Claustrophobia in Second Life

I converted the "basement" of my studio into an abstract nightscape. At one point I felt the beginnings of a mild panic attack when I was having camera troubles in a particularly tight space. I don't have any strong phobias, so I wasn't worried about having serious difficulties, but the experience persuaded me to investigate feelings of claustrophobia and disorientation in the virtual environment. I filled the space with a variety of objects, editing them in ways so that they'd interfere with the camera, constrict avatar movement, or otherwise take control away from the player.
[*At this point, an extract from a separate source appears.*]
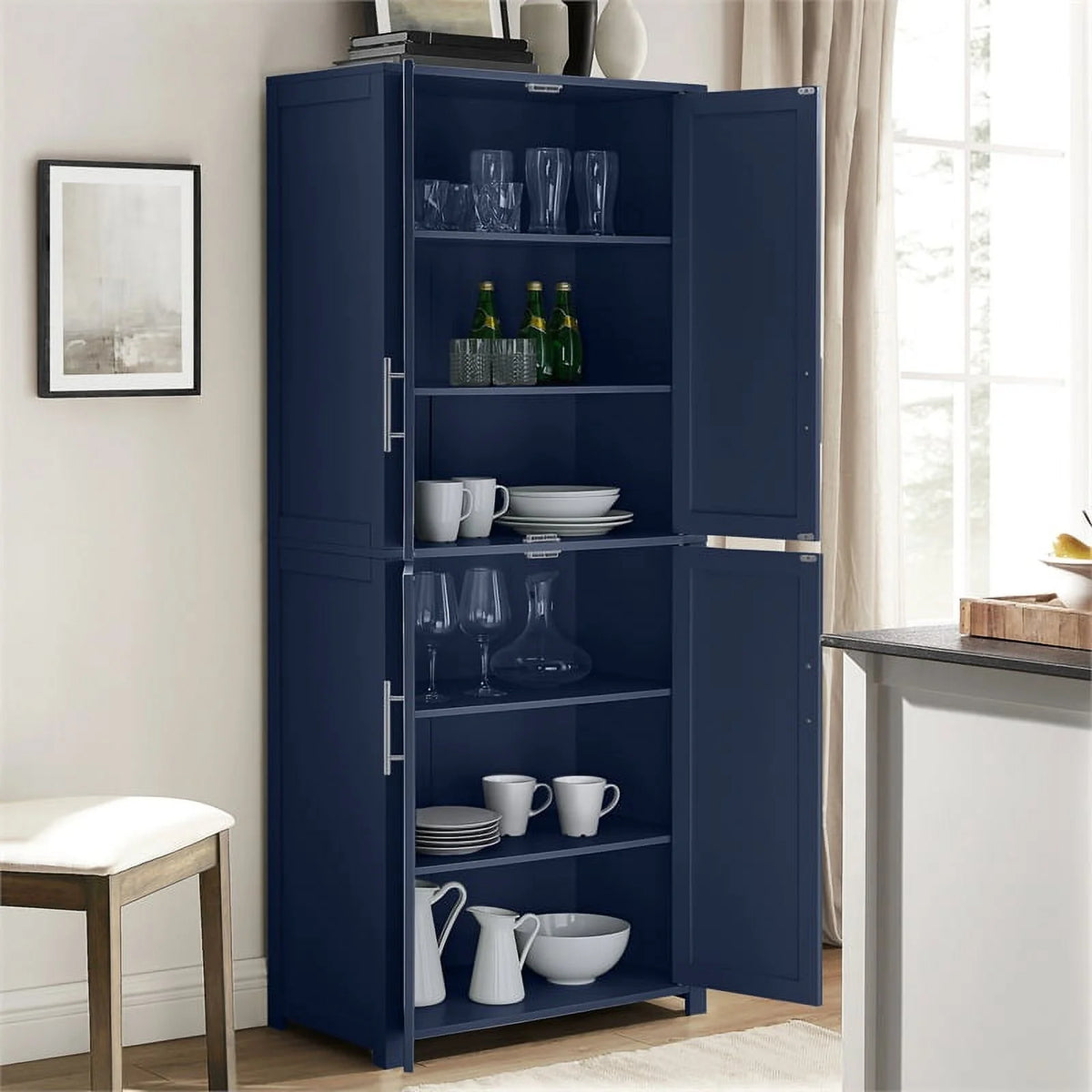 Navy Wood Kitchen Storage Pantry E792079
I found that the feeling is most dramatic when the avatar enters a small enclosed space and it is difficult to find an exit. Making everything the same flat colors, with few shadows, makes it difficult to understand spatial cues when moving the camera around such a space. Second Life's unique camera system, where whatever you click on becomes the pivot point, contributes its own problems, especially if you accidentally click on the outside of the enclosure so that you can't easily maneuver back inside. Discomfort increases the longer this goes on.
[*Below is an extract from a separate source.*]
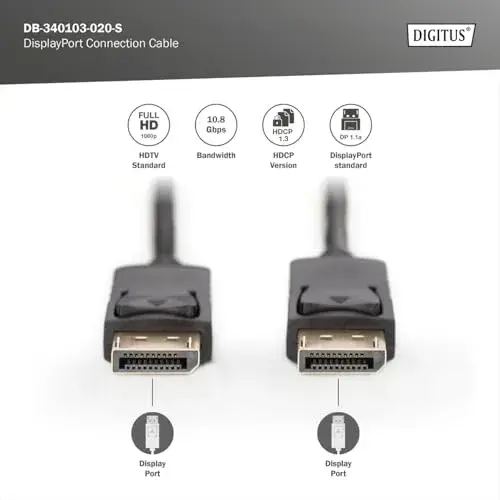 Digitus Cabo DisplayPort 2m Macho a Macho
In the virtual environment, claustrophobia is heightened by confusion and frustration when the viewer encounters inconsistent patterns, where boundaries between objects are unclear, and navigational directions are ambiguous. This is evidence of the extent to which a human will interface with a cyber body. When the "controls" linking the human mind to the virtual representation malfunction, it often feels as though the individual is being physically constrained.